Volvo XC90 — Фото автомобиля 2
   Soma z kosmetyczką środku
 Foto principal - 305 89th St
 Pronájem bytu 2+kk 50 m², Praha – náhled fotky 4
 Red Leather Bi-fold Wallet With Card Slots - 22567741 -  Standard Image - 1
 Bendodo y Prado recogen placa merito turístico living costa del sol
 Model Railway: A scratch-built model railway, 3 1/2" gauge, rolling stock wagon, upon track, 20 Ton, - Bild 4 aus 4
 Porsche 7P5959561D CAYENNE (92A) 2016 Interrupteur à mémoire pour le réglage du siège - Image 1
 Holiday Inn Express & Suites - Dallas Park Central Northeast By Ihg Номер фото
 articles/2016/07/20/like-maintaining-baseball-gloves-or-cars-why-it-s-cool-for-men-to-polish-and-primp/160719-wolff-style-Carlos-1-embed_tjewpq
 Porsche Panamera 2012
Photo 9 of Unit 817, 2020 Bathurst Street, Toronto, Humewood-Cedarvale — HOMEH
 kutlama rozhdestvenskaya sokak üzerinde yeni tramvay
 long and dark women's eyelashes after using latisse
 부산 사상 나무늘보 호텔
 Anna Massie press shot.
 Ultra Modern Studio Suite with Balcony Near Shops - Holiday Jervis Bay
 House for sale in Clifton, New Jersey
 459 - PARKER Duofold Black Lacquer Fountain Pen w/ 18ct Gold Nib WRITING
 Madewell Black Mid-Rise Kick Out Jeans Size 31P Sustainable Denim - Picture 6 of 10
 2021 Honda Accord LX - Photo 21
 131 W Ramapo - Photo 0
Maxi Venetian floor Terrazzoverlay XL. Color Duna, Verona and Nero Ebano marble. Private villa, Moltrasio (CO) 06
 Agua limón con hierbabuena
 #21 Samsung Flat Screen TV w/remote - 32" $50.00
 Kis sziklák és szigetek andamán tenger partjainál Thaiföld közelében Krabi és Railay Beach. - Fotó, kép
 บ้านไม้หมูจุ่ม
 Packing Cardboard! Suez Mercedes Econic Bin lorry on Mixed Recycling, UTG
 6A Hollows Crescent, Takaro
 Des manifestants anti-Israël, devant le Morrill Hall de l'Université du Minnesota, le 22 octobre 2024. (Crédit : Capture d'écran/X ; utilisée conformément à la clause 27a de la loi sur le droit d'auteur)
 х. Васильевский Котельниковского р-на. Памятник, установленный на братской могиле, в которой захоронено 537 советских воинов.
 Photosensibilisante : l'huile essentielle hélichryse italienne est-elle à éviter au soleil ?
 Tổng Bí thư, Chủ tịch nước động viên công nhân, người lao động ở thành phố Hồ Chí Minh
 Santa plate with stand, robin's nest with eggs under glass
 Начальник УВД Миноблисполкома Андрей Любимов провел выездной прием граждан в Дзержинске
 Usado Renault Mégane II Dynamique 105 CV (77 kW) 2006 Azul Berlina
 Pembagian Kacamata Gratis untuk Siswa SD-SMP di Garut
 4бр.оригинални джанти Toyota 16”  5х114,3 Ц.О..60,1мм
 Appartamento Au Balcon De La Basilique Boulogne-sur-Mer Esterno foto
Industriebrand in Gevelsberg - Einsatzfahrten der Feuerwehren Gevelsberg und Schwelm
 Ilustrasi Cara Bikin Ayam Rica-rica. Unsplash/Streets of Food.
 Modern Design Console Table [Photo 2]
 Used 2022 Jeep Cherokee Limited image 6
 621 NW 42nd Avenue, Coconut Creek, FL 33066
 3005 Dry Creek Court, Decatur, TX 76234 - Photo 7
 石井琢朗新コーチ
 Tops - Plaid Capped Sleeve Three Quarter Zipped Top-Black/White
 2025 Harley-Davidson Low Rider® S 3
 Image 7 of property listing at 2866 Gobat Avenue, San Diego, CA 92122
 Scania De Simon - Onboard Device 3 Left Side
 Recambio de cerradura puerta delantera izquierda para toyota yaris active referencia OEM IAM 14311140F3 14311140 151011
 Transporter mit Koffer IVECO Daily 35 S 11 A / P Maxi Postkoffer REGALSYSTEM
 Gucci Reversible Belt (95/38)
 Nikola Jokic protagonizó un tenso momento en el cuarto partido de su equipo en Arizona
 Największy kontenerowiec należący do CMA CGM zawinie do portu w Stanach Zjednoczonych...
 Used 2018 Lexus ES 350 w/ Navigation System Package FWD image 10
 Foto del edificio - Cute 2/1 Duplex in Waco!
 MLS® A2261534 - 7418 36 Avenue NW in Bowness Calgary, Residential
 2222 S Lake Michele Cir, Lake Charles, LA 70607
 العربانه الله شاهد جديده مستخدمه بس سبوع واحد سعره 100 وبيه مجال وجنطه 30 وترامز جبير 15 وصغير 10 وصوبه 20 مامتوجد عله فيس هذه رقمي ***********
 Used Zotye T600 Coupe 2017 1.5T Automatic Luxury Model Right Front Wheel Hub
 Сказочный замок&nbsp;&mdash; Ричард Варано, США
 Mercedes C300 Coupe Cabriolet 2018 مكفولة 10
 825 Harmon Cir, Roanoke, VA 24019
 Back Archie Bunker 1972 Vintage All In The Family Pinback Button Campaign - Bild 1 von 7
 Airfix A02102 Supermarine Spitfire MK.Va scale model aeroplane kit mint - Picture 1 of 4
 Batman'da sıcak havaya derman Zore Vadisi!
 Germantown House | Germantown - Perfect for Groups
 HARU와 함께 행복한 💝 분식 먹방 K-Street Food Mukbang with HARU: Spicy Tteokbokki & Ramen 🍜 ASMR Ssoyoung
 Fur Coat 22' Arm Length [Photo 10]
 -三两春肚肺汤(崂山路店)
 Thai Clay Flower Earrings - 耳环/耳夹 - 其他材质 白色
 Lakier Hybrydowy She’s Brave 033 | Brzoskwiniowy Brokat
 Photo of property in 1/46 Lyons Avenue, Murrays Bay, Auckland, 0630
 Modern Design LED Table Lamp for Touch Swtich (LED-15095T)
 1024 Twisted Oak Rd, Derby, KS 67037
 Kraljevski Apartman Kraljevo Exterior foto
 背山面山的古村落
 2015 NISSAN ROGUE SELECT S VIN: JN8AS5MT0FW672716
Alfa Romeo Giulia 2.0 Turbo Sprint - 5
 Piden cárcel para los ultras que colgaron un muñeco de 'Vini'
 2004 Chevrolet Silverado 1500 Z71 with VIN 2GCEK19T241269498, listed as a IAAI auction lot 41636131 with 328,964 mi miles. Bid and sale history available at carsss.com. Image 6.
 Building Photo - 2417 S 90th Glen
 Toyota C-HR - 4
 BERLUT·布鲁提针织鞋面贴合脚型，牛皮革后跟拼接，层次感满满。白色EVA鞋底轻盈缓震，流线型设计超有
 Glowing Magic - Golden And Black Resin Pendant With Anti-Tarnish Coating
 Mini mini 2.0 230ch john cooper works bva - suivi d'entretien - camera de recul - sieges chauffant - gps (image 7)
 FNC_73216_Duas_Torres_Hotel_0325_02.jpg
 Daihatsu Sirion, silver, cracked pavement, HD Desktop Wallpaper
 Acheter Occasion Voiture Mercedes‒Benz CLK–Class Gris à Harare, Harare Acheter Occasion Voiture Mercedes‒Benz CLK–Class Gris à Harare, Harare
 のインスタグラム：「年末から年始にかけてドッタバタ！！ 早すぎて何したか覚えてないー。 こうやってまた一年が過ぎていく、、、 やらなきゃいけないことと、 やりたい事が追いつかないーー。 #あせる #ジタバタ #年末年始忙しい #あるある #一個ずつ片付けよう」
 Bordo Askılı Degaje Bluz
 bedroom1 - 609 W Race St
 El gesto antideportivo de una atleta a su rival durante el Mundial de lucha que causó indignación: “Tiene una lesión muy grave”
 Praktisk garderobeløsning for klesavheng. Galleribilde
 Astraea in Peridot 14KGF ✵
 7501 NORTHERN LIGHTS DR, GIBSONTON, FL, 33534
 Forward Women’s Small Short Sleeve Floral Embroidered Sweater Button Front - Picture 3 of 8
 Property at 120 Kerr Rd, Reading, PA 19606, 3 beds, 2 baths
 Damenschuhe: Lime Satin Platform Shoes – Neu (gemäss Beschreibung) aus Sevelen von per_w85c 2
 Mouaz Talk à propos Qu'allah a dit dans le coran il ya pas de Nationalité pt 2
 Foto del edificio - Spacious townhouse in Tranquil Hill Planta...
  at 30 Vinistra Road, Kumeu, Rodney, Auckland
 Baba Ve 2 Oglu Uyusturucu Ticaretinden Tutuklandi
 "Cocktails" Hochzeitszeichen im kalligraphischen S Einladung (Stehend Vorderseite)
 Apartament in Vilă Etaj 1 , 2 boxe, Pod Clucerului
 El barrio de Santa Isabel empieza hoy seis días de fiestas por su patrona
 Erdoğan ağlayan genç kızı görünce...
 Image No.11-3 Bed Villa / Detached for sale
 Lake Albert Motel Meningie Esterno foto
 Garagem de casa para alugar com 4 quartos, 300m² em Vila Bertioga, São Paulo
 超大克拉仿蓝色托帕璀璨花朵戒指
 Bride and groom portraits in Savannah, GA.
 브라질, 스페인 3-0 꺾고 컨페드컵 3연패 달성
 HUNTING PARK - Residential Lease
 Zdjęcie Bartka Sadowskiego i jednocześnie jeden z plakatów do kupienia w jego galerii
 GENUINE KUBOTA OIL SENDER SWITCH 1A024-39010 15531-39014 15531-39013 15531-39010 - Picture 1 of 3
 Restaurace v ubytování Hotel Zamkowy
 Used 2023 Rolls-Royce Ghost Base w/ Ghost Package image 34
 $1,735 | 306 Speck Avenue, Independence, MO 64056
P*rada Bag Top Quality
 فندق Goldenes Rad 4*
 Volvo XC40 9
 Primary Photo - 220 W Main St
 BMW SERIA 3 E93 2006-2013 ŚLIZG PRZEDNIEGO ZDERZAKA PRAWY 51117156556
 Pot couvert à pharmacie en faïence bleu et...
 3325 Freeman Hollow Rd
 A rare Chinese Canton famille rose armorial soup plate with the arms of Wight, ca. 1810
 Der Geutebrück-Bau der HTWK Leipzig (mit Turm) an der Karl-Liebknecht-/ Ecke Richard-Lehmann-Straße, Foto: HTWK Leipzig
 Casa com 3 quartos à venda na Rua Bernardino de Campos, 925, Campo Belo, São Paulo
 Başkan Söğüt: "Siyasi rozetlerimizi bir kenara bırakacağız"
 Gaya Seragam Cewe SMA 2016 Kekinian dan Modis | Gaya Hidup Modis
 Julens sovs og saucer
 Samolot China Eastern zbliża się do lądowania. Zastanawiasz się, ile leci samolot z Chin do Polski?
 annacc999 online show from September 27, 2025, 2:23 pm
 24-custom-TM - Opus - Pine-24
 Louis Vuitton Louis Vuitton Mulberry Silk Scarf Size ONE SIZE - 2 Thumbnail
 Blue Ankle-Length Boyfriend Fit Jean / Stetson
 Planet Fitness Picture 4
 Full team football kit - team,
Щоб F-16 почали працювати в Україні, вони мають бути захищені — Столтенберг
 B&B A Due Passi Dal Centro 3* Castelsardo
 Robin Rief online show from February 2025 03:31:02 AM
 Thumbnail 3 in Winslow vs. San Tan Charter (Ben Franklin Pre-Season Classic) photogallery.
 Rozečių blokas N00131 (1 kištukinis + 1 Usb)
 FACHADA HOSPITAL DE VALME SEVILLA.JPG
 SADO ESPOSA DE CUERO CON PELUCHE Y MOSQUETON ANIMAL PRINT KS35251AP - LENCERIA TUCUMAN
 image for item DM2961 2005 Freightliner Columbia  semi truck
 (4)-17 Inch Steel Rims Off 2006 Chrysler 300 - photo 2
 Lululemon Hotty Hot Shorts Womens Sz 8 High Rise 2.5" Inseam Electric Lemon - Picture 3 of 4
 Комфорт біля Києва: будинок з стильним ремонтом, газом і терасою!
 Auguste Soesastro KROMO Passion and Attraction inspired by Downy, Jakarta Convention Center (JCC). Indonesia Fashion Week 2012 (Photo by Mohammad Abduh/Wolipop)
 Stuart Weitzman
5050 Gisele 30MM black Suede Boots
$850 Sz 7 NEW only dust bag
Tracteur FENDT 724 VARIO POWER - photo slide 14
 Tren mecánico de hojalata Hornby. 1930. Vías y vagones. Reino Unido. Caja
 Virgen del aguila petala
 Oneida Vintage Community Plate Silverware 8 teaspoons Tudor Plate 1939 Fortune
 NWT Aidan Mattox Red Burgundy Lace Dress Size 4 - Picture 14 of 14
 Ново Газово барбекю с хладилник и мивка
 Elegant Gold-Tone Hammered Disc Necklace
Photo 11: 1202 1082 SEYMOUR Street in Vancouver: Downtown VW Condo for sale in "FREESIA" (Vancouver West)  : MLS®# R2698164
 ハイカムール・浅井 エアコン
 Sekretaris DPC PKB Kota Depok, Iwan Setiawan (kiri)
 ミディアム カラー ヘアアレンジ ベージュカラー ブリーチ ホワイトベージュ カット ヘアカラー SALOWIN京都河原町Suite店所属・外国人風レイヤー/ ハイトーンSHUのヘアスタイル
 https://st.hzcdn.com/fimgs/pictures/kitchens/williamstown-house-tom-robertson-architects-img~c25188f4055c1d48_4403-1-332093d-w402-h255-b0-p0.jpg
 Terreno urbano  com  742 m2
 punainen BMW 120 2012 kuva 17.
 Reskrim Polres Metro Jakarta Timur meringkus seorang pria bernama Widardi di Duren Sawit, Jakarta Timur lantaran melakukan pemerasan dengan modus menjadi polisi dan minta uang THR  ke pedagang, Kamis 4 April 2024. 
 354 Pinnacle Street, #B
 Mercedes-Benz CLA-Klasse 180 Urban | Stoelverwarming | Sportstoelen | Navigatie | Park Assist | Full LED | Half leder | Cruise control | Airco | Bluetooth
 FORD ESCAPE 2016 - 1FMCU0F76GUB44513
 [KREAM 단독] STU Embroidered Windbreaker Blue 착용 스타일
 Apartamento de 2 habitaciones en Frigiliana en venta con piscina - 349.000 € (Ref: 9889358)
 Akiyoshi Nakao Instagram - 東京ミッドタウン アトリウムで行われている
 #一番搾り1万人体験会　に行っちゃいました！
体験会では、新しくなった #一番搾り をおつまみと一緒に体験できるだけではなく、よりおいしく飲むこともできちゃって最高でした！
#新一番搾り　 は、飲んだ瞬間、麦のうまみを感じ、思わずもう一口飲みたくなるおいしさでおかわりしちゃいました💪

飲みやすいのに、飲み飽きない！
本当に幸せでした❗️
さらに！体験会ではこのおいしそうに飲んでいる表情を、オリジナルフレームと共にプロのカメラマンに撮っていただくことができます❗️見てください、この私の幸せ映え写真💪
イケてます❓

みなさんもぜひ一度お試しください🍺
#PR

▸ Task description
Return only those lines of the records that contain the string "online".

▸ Output
 annacc999 online show from September 27, 2025, 2:23 pm
 Robin Rief online show from February 2025 03:31:02 AM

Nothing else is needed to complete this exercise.